Well as the saying goes, you'll always regret some of your first tattoo's in your younger years.

Some of my first tattoo was an "A", for my name, on the web of my pointing finger and thumb. It hurts so bad at the time that I never finished it and now have just a dot there.

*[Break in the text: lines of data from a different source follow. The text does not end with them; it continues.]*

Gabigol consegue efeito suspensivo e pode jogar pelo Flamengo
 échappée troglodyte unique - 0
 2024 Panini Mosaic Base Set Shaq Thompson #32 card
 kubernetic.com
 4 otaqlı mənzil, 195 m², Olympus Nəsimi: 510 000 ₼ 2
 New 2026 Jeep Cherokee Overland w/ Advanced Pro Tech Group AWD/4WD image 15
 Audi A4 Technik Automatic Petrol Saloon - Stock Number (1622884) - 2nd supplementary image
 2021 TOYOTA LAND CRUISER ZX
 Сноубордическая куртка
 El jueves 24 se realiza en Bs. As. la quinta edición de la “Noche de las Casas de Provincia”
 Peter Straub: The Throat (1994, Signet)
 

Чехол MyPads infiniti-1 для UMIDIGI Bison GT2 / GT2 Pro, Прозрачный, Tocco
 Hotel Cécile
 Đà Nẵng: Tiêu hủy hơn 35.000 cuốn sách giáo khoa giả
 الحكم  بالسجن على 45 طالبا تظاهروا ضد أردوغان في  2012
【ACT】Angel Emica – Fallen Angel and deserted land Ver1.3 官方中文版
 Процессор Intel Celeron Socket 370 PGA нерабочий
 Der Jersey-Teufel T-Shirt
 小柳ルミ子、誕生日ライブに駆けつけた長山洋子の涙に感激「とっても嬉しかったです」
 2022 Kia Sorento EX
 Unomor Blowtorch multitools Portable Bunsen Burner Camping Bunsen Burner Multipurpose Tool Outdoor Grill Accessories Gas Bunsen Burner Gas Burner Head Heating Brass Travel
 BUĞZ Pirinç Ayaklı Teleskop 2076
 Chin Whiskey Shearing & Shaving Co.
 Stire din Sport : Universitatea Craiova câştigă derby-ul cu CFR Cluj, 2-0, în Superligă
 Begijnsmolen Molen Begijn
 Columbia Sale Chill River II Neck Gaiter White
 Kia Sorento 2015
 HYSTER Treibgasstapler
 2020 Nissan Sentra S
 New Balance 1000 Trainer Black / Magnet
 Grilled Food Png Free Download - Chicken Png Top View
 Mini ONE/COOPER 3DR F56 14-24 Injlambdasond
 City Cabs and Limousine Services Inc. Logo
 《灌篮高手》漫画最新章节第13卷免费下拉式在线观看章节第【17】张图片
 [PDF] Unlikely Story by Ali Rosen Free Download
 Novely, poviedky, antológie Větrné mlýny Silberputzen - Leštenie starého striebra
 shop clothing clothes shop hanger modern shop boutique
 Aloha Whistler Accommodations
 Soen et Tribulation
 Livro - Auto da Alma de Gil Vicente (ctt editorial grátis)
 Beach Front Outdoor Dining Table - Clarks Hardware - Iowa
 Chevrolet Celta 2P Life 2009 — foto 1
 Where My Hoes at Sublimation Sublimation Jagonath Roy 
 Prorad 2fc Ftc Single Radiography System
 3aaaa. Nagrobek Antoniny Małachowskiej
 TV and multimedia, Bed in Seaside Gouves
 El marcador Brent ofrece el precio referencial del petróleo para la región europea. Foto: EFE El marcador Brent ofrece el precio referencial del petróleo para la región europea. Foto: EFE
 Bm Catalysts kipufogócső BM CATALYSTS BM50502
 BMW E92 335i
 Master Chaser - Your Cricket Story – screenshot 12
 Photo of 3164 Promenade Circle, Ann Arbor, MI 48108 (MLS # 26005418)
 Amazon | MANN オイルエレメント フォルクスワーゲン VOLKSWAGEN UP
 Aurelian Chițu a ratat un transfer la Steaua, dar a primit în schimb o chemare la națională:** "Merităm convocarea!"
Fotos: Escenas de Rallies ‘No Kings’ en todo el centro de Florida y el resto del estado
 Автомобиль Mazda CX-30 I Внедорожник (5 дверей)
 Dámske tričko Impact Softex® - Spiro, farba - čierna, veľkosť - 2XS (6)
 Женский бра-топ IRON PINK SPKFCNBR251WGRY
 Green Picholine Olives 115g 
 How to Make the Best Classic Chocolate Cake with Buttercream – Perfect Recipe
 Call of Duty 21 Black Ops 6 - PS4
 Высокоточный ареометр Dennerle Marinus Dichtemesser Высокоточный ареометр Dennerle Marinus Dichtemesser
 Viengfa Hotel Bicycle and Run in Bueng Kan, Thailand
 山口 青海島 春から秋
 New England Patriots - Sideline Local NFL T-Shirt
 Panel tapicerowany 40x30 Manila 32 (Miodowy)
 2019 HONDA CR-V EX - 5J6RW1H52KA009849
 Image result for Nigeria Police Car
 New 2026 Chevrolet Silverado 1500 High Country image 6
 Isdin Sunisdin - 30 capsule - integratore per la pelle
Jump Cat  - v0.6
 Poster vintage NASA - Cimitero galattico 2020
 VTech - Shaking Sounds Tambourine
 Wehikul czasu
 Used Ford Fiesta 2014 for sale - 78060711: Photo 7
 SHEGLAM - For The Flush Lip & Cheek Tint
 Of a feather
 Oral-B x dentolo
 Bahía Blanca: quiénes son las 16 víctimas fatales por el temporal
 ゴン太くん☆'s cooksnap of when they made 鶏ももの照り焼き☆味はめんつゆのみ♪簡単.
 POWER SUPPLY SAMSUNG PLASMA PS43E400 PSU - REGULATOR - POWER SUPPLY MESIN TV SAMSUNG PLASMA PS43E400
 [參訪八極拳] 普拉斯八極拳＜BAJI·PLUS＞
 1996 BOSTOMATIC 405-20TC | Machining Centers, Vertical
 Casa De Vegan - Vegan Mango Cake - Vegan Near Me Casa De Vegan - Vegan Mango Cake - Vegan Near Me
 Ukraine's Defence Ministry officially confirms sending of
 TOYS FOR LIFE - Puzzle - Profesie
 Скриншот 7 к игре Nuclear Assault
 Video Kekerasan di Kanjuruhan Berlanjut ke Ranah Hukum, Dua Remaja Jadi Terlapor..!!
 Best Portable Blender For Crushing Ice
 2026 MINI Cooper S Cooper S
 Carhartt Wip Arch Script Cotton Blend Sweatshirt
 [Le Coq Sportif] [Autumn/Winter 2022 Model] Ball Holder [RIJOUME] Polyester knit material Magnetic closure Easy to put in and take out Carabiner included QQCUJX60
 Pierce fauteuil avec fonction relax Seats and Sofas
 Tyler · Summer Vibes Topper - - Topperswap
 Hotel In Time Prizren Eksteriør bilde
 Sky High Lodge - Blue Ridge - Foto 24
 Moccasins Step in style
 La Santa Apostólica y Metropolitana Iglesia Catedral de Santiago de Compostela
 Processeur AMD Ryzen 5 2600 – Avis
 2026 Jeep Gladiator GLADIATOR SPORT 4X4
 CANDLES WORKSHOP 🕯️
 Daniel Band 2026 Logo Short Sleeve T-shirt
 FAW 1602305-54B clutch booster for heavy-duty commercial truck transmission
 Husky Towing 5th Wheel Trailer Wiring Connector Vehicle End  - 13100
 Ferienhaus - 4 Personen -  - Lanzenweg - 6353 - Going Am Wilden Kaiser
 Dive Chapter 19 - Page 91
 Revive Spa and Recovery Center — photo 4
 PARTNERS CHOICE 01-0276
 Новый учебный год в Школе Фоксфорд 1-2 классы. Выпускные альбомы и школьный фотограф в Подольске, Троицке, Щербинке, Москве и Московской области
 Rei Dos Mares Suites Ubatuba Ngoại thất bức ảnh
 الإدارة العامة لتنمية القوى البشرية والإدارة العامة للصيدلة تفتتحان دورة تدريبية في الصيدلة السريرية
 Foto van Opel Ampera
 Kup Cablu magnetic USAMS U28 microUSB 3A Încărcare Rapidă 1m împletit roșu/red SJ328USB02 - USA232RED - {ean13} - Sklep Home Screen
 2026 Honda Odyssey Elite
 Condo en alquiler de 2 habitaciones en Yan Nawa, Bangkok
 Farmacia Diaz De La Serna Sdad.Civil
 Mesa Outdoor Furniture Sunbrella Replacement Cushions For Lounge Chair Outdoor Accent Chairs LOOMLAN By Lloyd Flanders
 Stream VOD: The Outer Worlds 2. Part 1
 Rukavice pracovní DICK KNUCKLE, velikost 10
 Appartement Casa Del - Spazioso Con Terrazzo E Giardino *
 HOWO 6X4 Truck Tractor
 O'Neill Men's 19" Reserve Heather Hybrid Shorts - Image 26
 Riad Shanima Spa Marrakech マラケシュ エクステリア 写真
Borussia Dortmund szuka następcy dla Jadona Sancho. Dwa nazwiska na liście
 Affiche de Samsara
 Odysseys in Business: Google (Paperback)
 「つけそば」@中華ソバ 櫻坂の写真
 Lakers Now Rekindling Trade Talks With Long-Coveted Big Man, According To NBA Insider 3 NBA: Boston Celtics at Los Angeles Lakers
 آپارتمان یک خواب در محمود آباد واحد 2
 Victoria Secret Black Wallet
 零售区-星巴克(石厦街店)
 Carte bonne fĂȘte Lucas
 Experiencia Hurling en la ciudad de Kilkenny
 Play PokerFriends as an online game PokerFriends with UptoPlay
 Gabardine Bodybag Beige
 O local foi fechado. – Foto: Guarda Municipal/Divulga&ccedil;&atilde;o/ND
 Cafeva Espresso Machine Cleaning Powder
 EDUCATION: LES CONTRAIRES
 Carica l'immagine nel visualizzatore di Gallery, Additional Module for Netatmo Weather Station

The 2nd was supposedly a tribal dragon which now looks like a freakin' seahorse since, after all these years, they forgot to add the 2 back legs.


----------



## bellemorte87 (Aug 5, 2009)

thats okay. my first tattoo was done when i was 15. it was supposed to be a cherry...but it looks like an apple lol


----------



## bellemorte87 (Aug 5, 2009)

these are some interesting tattoos


----------



## His Majesty (Apr 5, 2005)

^









although her ass is well nice. wouldnt mind tapping that

and that tat of the chair is really really good


----------



## bellemorte87 (Aug 5, 2009)

yeah the chair is a nice tattoo but why would you get a chair tattooed?lol


----------



## redbellyjx © (Jan 26, 2004)

the leslie nielson one made me lol


----------



## bellemorte87 (Aug 5, 2009)

redbellyjx © said:


> the leslie nielson one made me lol


i get if he's like their idol or something. but that tattoo was just....gay. lol


----------



## Gordeez (Sep 21, 2003)

shiver905 said:


> AhAHAHAHAHHAHAHAH,,.....
> ...
> 
> ..
> ...


WTF is it?


----------



## Murphy18 (Oct 17, 2008)

^^ x2!! What is that?


----------



## shiver905 (May 27, 2009)

A JOKER with a tentical hat....

....
....


----------



## Bawb2u (May 27, 2004)

shiver905 said:


> A JOKER with a tentical hat....
> 
> ....
> ....


Wow, once you know what it is, you can appreciate the level of suck.


----------



## notaverage (Sep 10, 2005)

shiver905 said:


> AhAHAHAHAHHAHAHAH,,.....
> ...
> 
> ..
> ...


WTF is it???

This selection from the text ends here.